Andrea Bellini, directeur du Centre d’art contemporain
Site internet du Centre d’art contemporain

Musée d’art et d’histoire (MAH), Genève

Exposition hors les murs, 40 ans du musée Barbier-Mueller
15 mars 2017 - 31 juillet 2017

Une entrevue entre un officier d’époque trajane et deux de ses contemporains

Ce buste d’officier d’époque trajane fait écho à deux œuvres prestigieuses exposées au Musée d’art et d’histoire et complète également la série de monuments funéraires, qui réunit des sarcophages et des fermetures de niches sépulcrales.
Parmi les fleurons de la collection romaine figure une statue en pied de triomphateur provenant de la région d’Ancône (inv. 8938). Elle représente un homme nu, de face, un manteau sur l’épaule ; dans sa main gauche, il tient une épée rangée dans son fourreau. Si le corps nu est idéalisé, la tête, aux traits marqués, est celle d’un homme d’âge mûr. S’agit-il de Trajan ou de son père ? L’identification n’est pas assurée.
Un buste plus grand que nature de l’empereur Trajan, vêtu d’une cuirasse et du manteau militaire (inv. 19049), enrichit la galerie de portraits romains. L’officier inconnu de la collection Barbier-Mueller est coiffé comme l’empereur en mèches ramenées vers l’avant, formant une frange sur le front. Ce mimétisme est un signe de loyauté.

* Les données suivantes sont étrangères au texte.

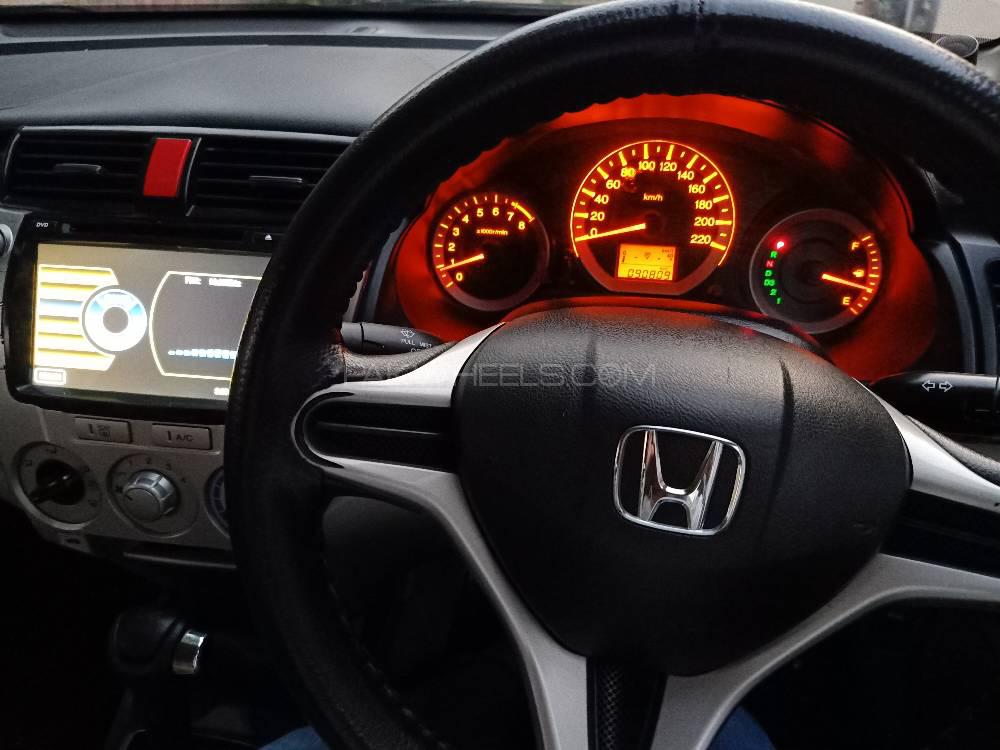 Honda City 2013 for Sale in Lahore Honda City 2013 for Sale in Lahore Image-11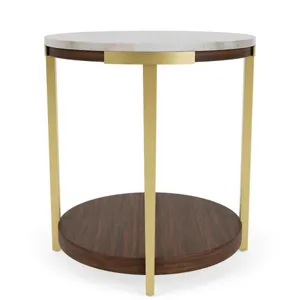 Emery End Table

Béatrice Blandin, conservatrice du domaine archéologie, Musée d’art et d’histoire
Site internet du Musée d’art et d’histoire

agenda

jeudi 1er juin 2017 | 12:15
Musée Barbier-Mueller, Genève

Intervention de Mme Béatrice Blandin, conservatrice du département archéologie au MAH.
Sur inscription : musee barbier-mueller.ch


Musée du quai Branly-Jacques Chirac, Paris

Exposition hors les murs, 40 ans du musée Barbier-Mueller
20 mars 2017 - 18 juin 2017

Deux masques de Nouvelle-Irlande mis à l’honneur

Le Musée du quai Branly-Jacques Chirac est heureux de saluer les 40 ans du Musée Barbier-Mueller. Ouvrant au public ses collections d’arts non-occidentaux, le musée de Genève fut une institution pionnière dans la reconnaissance des cultures et des arts du monde harmonisant avec rigueur l’approche scientifique et l’exigence esthétique.
La générosité de Monique et Jean Paul Barbier-Mueller à l’égard des collections publiques françaises est insigne. Qu’il s’agisse des collections Nigeria puis des collections Indonésie cédées aux Musées de France, de pièces majeures au Pavillon des Sessions du Louvre, de dons réguliers comme celui du Trésor de bijoux indonésiens, elles ont enrichi définitivement les collections du musée du quai Branly-Jacques Chirac. Deux masques importants de l’île de Nouvelle-Irlande en Papouasie-Nouvelle-Guinée viennent de Genève pour fêter notre fraternelle complicité. Ils offrent aux visiteurs dès l’entrée du musée une vision du génie de l’art océanien que nous partageons en toute amitié.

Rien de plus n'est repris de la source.